Warzone has always had the speed and mobility of the Call of Duty series – specifically the most recent, Call of Duty: Modern Warfare – but it juxtaposes that range of movement with the need to carefully consider your actions. Compared to standard multiplayer matches, especially on maps like Shipment and Rust, Warzone is far more methodical and deliberate. Given the massive size of its Verdansk map, if you land in the right spot, you can spend a large majority of your gametime not running into an enemy team.

Zombie Royale throws a lot of that out the window, necessitating players be ready to loot and fight from the jump. It more closely resembles a standard multiplayer match, but with the battle-royale trappings of needing to find weapons, buy gear, and deal with more than 100 players all at once – as well as zombies in this case. Matches in Zombie Royale are inherently more frenetic, and as a result, far more fun.

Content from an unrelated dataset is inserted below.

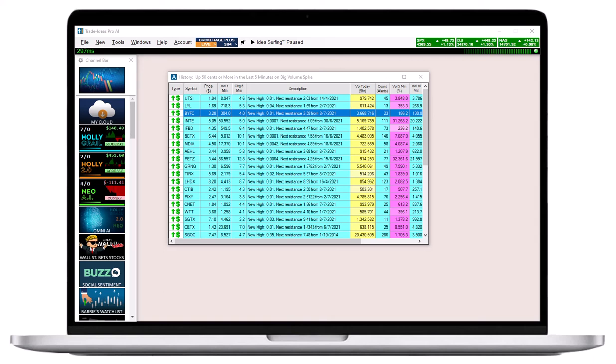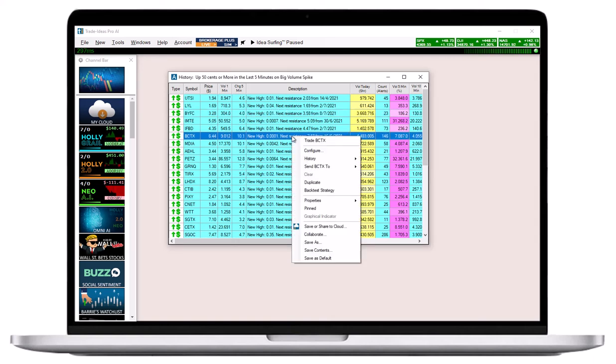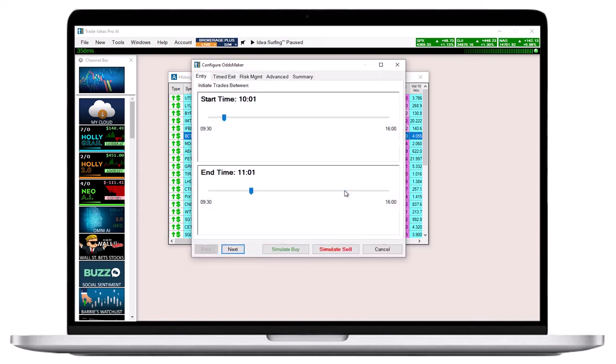To access the OddsMaker, right-click into the alert window and select Back Just Strategy from the menu. This will open the OddsMaker configuration menu.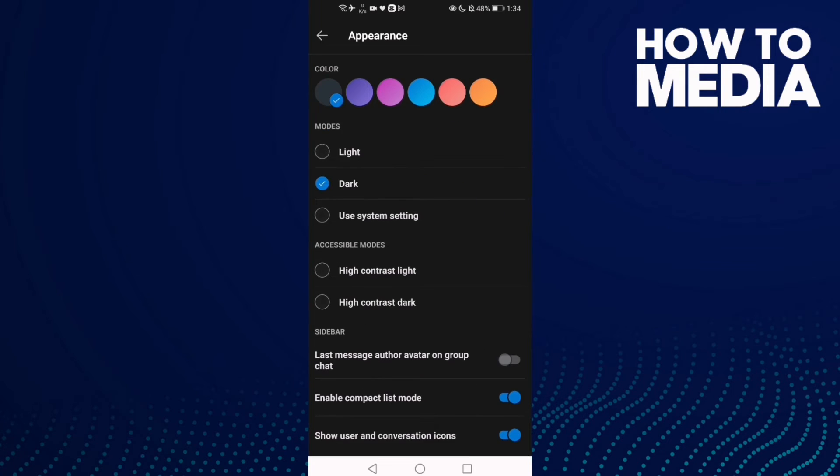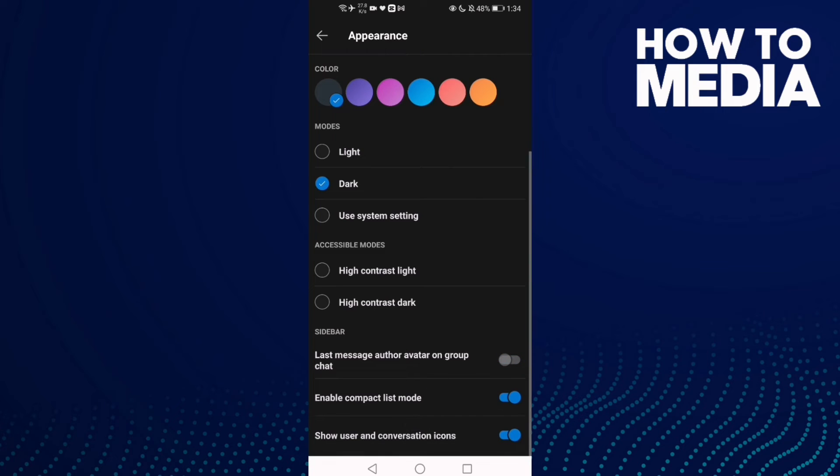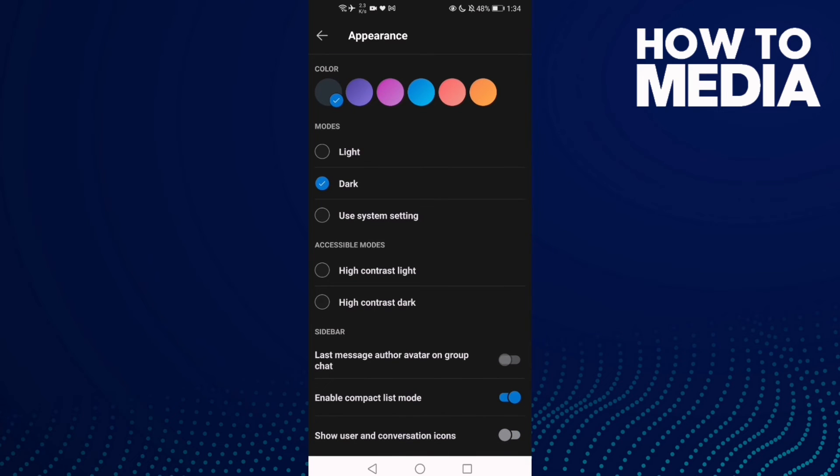Then go down and you will find the first you need to enable this one, compact list mode. And then only to do it, just click here if you want it in show user and conversation icon and click on it again if you want to turn it on.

There’s a rush to landing, having to find gear in the world as soon as you can, and then fighting, knowing it’s only going to get more and more chaotic as the circle closes in. If you’re a more passive Warzone player like me, who enjoys playing stealthily and plotting every step, Zombie Royale will force you to adapt your playstyle. It’s a great way to flip the script on players, even if they have hundreds of hours with the game. Once the zombies start getting involved, that freneticism only gets higher.

I’ve never had more fun playing Warzone than dropping into the chaos of Zombie Royale, and the tension the condensed map creates is far more exhilarating than the base game. Zombie Royale feels like you’re constantly playing through a highlight reel of your friend’s best Warzone moments, those plays or firefights you rarely pull of, so you make sure to save gameplay clips when you do. Every time I hit the ground in Zombie Royale, I know my crew is going to pull off something awesome; the chaos necessitates quick action and aggressive play. Explosions, quick getaways, and smart plays begin immediately, and so does the video capture. It’s been hard for me to return to normal Warzone, its slower pace feeling cumbersome compared to the excitement of Zombie Royale.

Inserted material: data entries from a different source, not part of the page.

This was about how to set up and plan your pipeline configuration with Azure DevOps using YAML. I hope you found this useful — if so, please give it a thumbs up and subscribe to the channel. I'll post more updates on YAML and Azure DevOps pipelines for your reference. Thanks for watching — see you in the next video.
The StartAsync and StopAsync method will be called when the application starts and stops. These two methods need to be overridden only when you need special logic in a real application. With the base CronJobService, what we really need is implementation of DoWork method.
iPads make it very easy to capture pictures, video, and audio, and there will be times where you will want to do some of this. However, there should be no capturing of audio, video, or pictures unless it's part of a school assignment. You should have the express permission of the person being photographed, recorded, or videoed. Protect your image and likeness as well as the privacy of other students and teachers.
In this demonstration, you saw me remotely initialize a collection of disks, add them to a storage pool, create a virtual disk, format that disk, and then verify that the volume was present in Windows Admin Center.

The addition of zombies makes Zombie Royale feel more forgiving than Warzone, which is a welcome change. It’s very common in Warzone to land, die, die again in the gulag, and then have to sit and watch your team as they try and get the money to revive you, only for them to suffer a similar fate, ending the match. Switching to a zombie instantly puts you back on the battlefield, allowing you to fight from the grave with your team, and giving you the chance to come back. The zombie is also a really fun way to play. Their whisper quiet movement let’s you be stealthy when making your attack and their building-scaling super jump is a great defensive play when the going gets tough. I’ve had a lot of Zombie Warzone matches where my team got killed numerous times, only for us to come back and back and back. Warzone can be pretty demoralizing when you’re having a bad day dying early and often. Zombie Warzone soothes some of that pain. 

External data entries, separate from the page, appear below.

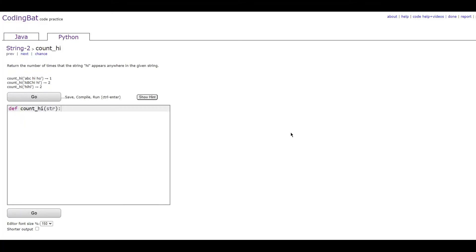In this video, we're going to be doing string2_count_hi in Python. The prompt is returning the number of times that the string 'high' appears anywhere in the given string.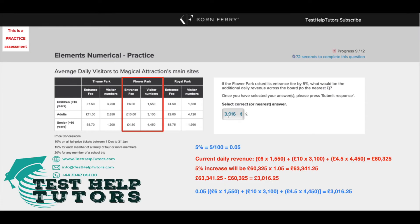So our answer is £3,016.25. A quicker way of solving this problem would be just to work out 5% of the current daily revenue. You simply do 0.05 times these terms, and that will also give you £3,016.25.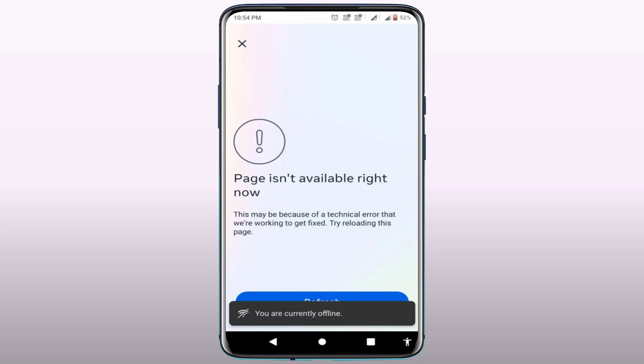When you face this type of error, the main reason behind it is your internet connection. If your internet connection is not good, you can 100% face this kind of error on your phone. So first, you need to fix your internet connection — check that it is good — and if you're still facing this problem afterwards, try the next method.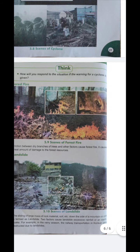Now, scenes of forest fire. Friction between dry branches, trees, and other factors causes forest fire.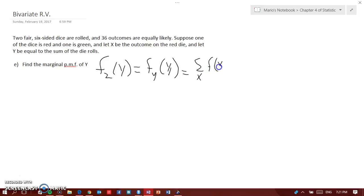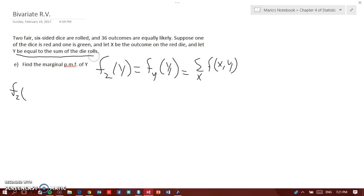Now I want you to understand that in this case we're looking for y, so f₂(y). We know that y cannot equal 1, because if you've looked at previous videos, I explained that Y is the sum of the two dice. There is no die that has a zero on one of its sides, so y can start with 2.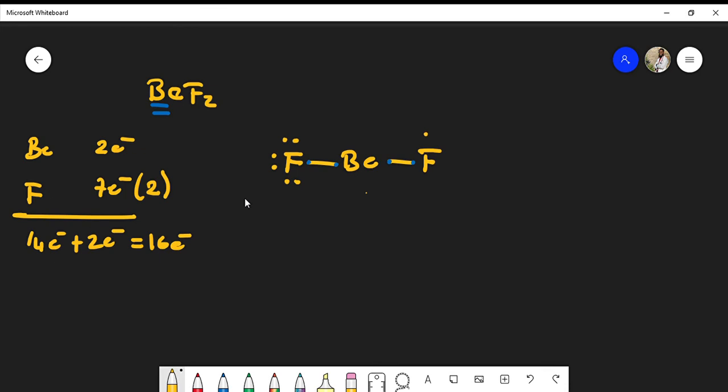I can also do the same thing on the right side. Let's count up the total number of electrons that we've used. The total number of electrons that we've used in the formula must be equal to 16.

Zombie Royale certainly isn’t perfect. There’s a good argument to be made that the zombies are too quiet, able to sneak up and kill you before you even realize they’re behind you, and you can definitely get caught in an unbreakable loop of instantly dying as a human, respawning, and then instantly dying again. But the way it changes the core loops and strategies of Warzone make it my favorite gameplay update the game has ever had, meeting somewhere in the middle of Call of Duty’s core multiplayer and its battle-royale spin-off. I’ll be sad to see the limited-time mode end, and I hope there is some plan to use its mechanics in later Warzone updates, but for now, Zombie Royale is the best way to play.